What if structural editing was a mistake?

Not so long ago I’ve written about Paredit and its quirks. I’ve been happily using Smartparens ever since that post, but something still bugged me. I was constantly thinking about the fact that Smartparens has numerous quirks in various languages and some known bugs that are unlikely to be fixed in the foreseeable future, given that the main maintainer doesn’t have a lot of spare time. And I’m not blaming it, maintaining open-source projects is a hard task, and unfortunately, I can’t fix most of the bugs, because I’m not as familiar with the code-base. So I went searching for new installments in the structural editing space. I already knew about Parinfer, and unfortunately, it’s not that great to use in a team, as it generates a lot of small formatting changes upon opening the file, which results in a lot of noise in Git afterward. What I was mainly interested in is parser-based structural editing – something like what Smartparens does, but with an actual parser, like Tree Sitter. There were a few packages for emacs, namely tree-edit and combobulate but the language selection that they support is very poor. Having structural editing in Python is cool I guess, but I don’t write in Python, and since the languages I use are not yet supported, these packages are not an option, at least for me.

And shortly after that, I found a nice post about structural editing in vanilla Emacs¹. This post describes how one can achieve some facilities of structural editing in Emacs without using Paredit or Smartparens, or any external packages for that matter. In another post in that blog, a particularly interesting Reddit thread is mentioned, which has some opinions about strict paren checking that Paredit and Smartparens introduce.

Which got me thinking - maybe structural editing really isn’t something I should pursue. The title says “mistake” but it’s obviously clickbait. I don’t think that structural editing is a mistake, it’s a pretty useful tool with its set of compromises. Parser-based structure editing can lift some of the compromises and fix some bugs, but some languages may not be supported, or have partial support, which comes with a set of downsides on its own. I mostly want this for Lisps, and Emacs is already pretty good at inferring the structure of the Lisp code, so for such languages parser probably would be overkill, but still, I’d like to have everything structure related in a single package, if possible.
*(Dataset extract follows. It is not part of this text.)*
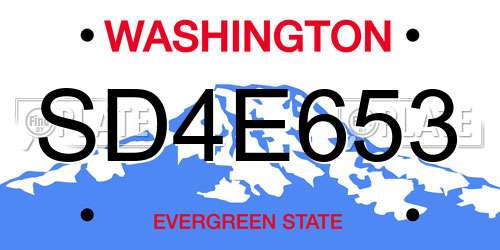 SD4E653 Washington License Plate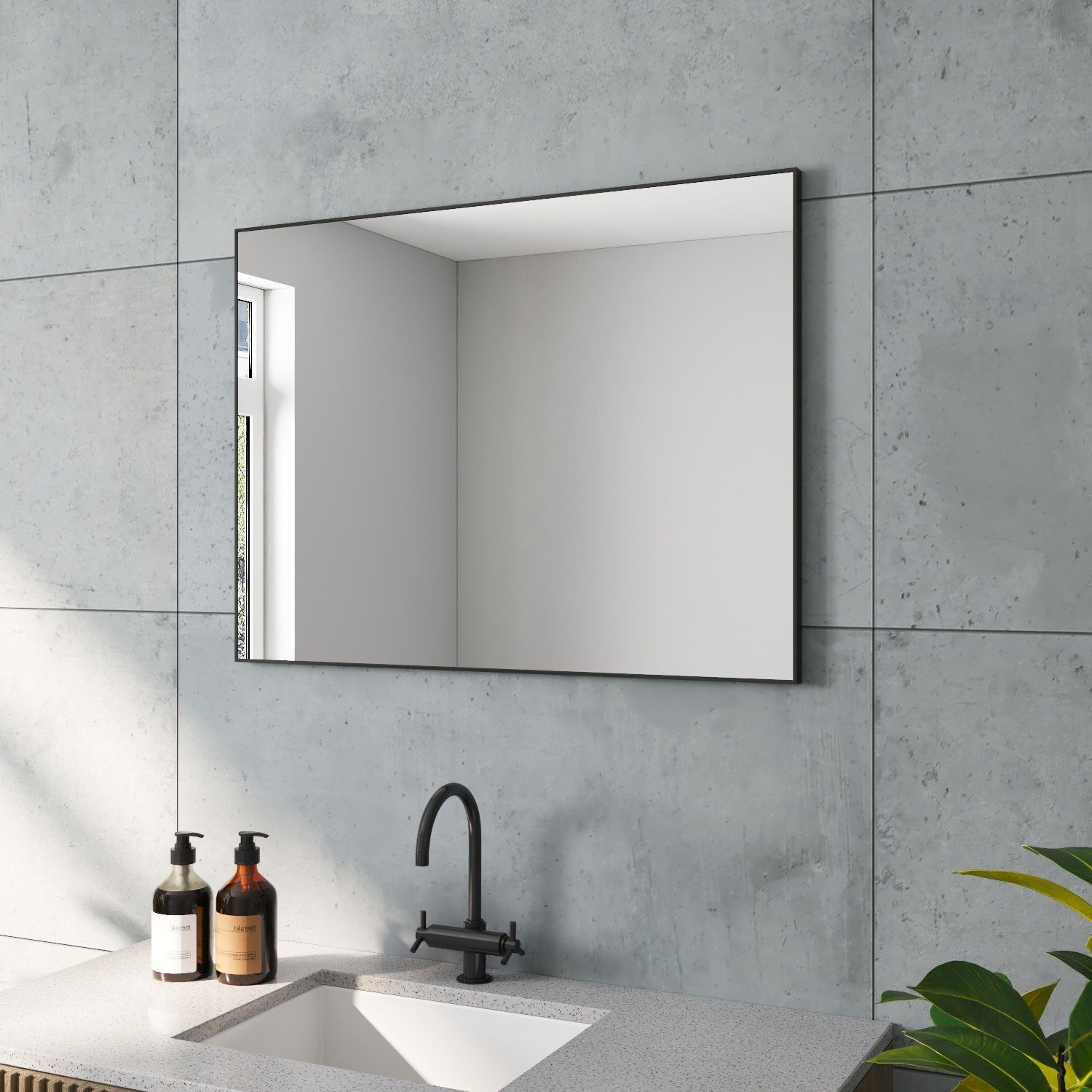 AQUABATOS Wandspiegel Spiegel Schwarz Bad Wand 50x70 60x80 100x60 cm eckig günstig online kaufen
On the other hand, thinking about it right now, there are not that many features I need from a structural editing package, that I can’t do by hand or automate. So maybe I just value those too much?

With that in mind, I’ve decided to try living some time without any structural editing package, only relying on what’s available in Emacs or what I’ve written myself. I’m feeling pretty confident in using structural editing by now - I often slurp, splice, and convolute expressions without thinking about what I need to do, it just comes off my fingertips. Taking this away will mess with my muscle memory a lot, and I’ll probably become less efficient, but maybe I’ll learn something new.

This post will be about the experience I had during this experiment. I’ve written this over time, and different sections were written pretty much right after I felt some difference.

Initial struggle

After disabling Smartparens I’ve quickly understood all that pain of writing in Lisp without automatic parenthesis insertion and balance checking. I’ve never seen balance-related errors for some years since I’ve pretty much always used something that tried its best at keeping parentheses balanced. But now, since no such thing is enabled, I’ve started getting these whether I just evaluate an expression, or try to compile a file. So the first thing I did was add a local-write-file-hooks to check parentheses:

(defun setup-before-save-hooks ()
  (add-hook 'local-write-file-hooks #'check-parens))
(add-hook 'common-lisp-modes-mode-hook #'setup-before-save-hooks)

With this hook, I can at least immediately get a warning that I’ve messed up.

The common-lisp-modes-mode is a package I’ve created in my init file to enable common things across all Lisps. Such things included structural editing, automatic indentation on typing, and so forth. Most of these things are now disabled, but the mode is still quite useful, as can be seen above.

Another thing that bothered me enough is that now that I don’t have Smartparens bindings, I’ve lost some pretty handy things, such as, well, slurping and sexp convoluting. Though slurping and barfing are easy enough to implement, or even do by hand.

And another small annoyance is that since I don’t use transient mark mode², I now have to use numerical prefix argument in even more cases. For example:

Wrapping the next expression in parentheses:
- Smartparens: M-(
- Vanilla, transient-mark-mode on: C-M-SPC, M-(
- Vanilla, transient-mark-mode off: M-1, M-(
Raising S-expression and all following expressions:
- Smartparens: M-<up>
- Vanilla, transient-mark-mode on: repeat C-M-SPC till the last, M-x raise-sexp RET
- Vanilla, transient-mark-mode off: count expressions by hand, M-<N> where <N> is the number of expressions, M-x raise-sexp RET
Killing til the end of the expression:
- Smartparens: C-k
- Vanilla, transient-mark-mode on: repeat C-M-SPC till the last, C-w
- Vanilla, transient-mark-mode off: count expressions, M-<N>, C-M-k

As can be seen, some quality of life improvements are definitively lost. This is of course because, without any guarantee that the input is balanced, it’s hard to automate things. In strict mode, Smartparens takes a great deal of keeping expressions balanced, so things like killing til the end of sexp always work as expected. Without strict mode, we need to manually count or select the needed amount before pressing C-M-k. I’m kinda OK with that, but it’s still a bit tricky to do for me.

Adoption period

After some time I’ve noticed that I’m no longer fighting my habits, and unbalanced code is not as an issue as it initially was. I’ve definitively started using more numerical arguments. But some things I still had to implement.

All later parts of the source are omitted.